Human beings, these “reasonable beings” who love so much to boast about their free will, nonetheless cannot make themselves independent of the climates and of the physical conditions of the country they inhabit. Our liberty, in our relations to the Earth, consists in understanding the laws of these relations to confirm the liberty of our existence. (qtd. in Giblin 64)
The central place of emancipatory principles and progress in nineteenth-century geography shows through even in the “new imperialist” rhetoric and Orientalist rubrics which characterized Europe’s “mission” as representative and leader of this world-wide culture. This made European geography the condition for imagining what principle of development or culture connects European culture with the history of all humankind. The specifically geographical formulation of eurocentrism in this hypothesis of culture conditions many of the most ambitious nineteenth-century narratives. G. W. F. Hegel’s Philosophy of History, Henry Thomas Buckle’s History of Civilization, and Karl Marx’s Capital are some of the more influential. Buckle’s History of Civilization in England, noted for its emphasis on the influence of geography on human history, provides a useful point of reference for the geographical formulation of eurocentrism:
Looking at the history of the world, as a whole, the tendency has been, in Europe, to subordinate nature to man; out of Europe to subordinate man to nature. . . The great division, therefore, between European civilization and non-European civilization, is the basis of the philosophy of history”. (1: 115)

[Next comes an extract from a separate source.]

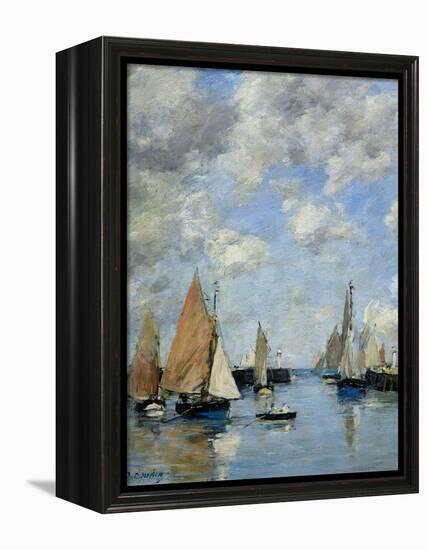 The Jetty at High Tide, Trouville-Eugène Boudin-Framed Premier Image Canvas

This emphasis on the rhetorical power of “imperialist geography” underscores the central place of visualization or the “geopolitical gaze” in that rhetoric. The European geographical discoveries placed politics at the heart of geography and created a configurationally great ruptures in the map of the world. The historical meaning of the Columbian discoveries can best be realized by turning a terrestrial globe so that Europe became the centre and at the point nearest to the eye.
Emphasizing the difficulty of representing the true geographical “image” of humankind without distortion, Said invokes a humane perspective. His imaginary picture illustrates the
problem of human perspective that must vanish in the production of the geopolitical image. Said’s geopolitical image thus constitutes the riddling afterimage of all those attempts to systematize and explain human history as the cultural development of all humankind. The black and white spaces, the East-West division, South North classification, or the First, Second and Third Wolds categorization are seen by Said as an ideologically political confusion that entails an ontological vision.
This perceptual play of figure against ground is reminiscent of the perceptual experiments in literary and artistic modernism discussed by Fredric Jameson in The Political Unconscious and Rosalind Krauss in The Optical Unconscious. The narratives of empire were enormously invested with the art geography and the interplay of sea-power and land-power. Similarly, the curious effect of the photograph of a globe is, in part, produced by the visual contrast of white continents and black seas, juxtaposed with the white seas and black continents of the preceding image. There is good reason to recognize here that the rhetorical power constitutes the central paradigm of geopolitics, at least one of its most characteristic abbreviations of world history.
Said’s analysis of cultural imperialism emphasizes that geopolitical image of the West is shaped by the geographical image of the Mother Land, and the hegemony to maintain its relation to its (Daughters) colonies in order to assure the means of conquest and domination. However, the very terms of national sovereignty and imperial power call attention to the fact that imperialist geopolitical image and its very power depends on the anarchist thesis that the nation- state is a merely transitory form, a thesis that geopolitics articulates in the ambiguous imperialism and anarchism of its own image.
Hence, heartland thesis — the dichotomy of land and sea, and the distribution of the continents –is an extended argument for welding the British nation to its imperial system. What gives the “geographical pivot of history” strategic interest, after all, is not the fixed position of the state within a set global order, but rather the very instability of political forms in a changing international “balance of powers” (Mackinder, The Scope and Methods 43). What is most revealing here is the consequences with which the Eurocentric imperative for hypothesizing the connection between European culture and the cultural development of human history as a whole. According to such a view, Europe had become the centre of equilibrium between the forces of the human race.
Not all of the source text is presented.